How Can We Design A Better User Experience?
Have you ever read something that instantly blows your mind? When was the last time you experienced a gasp of freshness? It can come in many forms: a café, a paragraph, a person, a manifesto, a piece of music or even an argument that was so cogent, well-delivered and persuasive that you took the time to tell someone else about it. Every once in awhile, we stumble upon something (or someone) that makes us sit up and want to notice it more. I believe this quality is the exceptional attribute that makes something or someone unique. It is the way it smells inside a bakery. It is the way it arrests your attention.
It is the way it makes you feel like you belong.
If the experience is normal, we don’t tell anyone about it. It is what we’re supposed to go through. What makes the experience remarkable is if it is appalling beyond belief or if the event is so commendable (the food delivery guy voluntarily requested for mayonnaise on my behalf in case I want it with my fries!) that we want to share it. If an experience is typical, we wouldn’t care about it. We probably won’t even remember it after we leave. We couldn’t describe most parts of it even if we tried. There is no parallel construction to give us a mental map of what we just witnessed. There is no hierarchy of one thing being more important than the other to form a lasting impression.
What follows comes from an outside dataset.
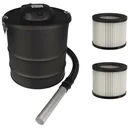 Ash vacuum cleaner - 1200 W - 20 L - Incl. replacement HEPA filter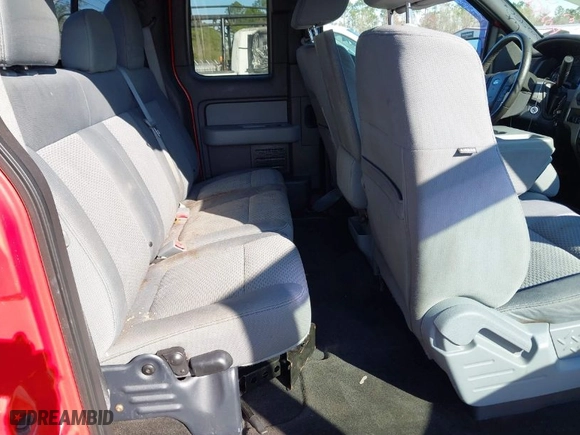 2011 Ford F-150 XL with VIN 1FTFX1EF4BFA02956, listed as a IAAI auction lot 41660122 with 190,418 mi miles. Bid and sale history available at carsss.com. Image 8.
This is why the design of a wholesome experience is important.
Everyone has a limited attention span. We can’t read all the books we want, listen to all the music we want, watch all the Netflix series and documentaries we want. So, we filter. We ignore. Sometimes, we even procrastinate about how there are so many kinds of material going on, but there is nothing for us. It is seemingly made for everyone so much to the extent that it became for no one. If someone we trusted insisted that we spend the time to try a certain something out, we might. If the material is created by a director that we liked in the past, the likelihood of us trying out the new material is higher. If we could try them out for free, we would be more likely to try them out too.
If someone is not interested to try or share about a service/product, then that is the end of the discussion.
No cash is earned. No attention is leveraged. No one wins by barging through the doors. We win, be it as a consumer or a business owner, by building a relationship. Given the status quo of the media landscape, I believe what we want is not more content or context, but for business owners to break through the clutter and succeed by limiting the amount of information they offer. The result is that people end up with the right information that business owners want them to have. I loosely reference this to the omakase experience. The word, omakase, means to entrust yourself to the chef. We’re literally placing the choice of ingredients and presentations in the hand of the sushi chef. We don’t know what we’ll be served. We only know a couple of things. We know the place. We know the chef personally, or through a friend’s referral. We know we’ll have a good time, and we’re willing to pay a little more, say a little more of a good time.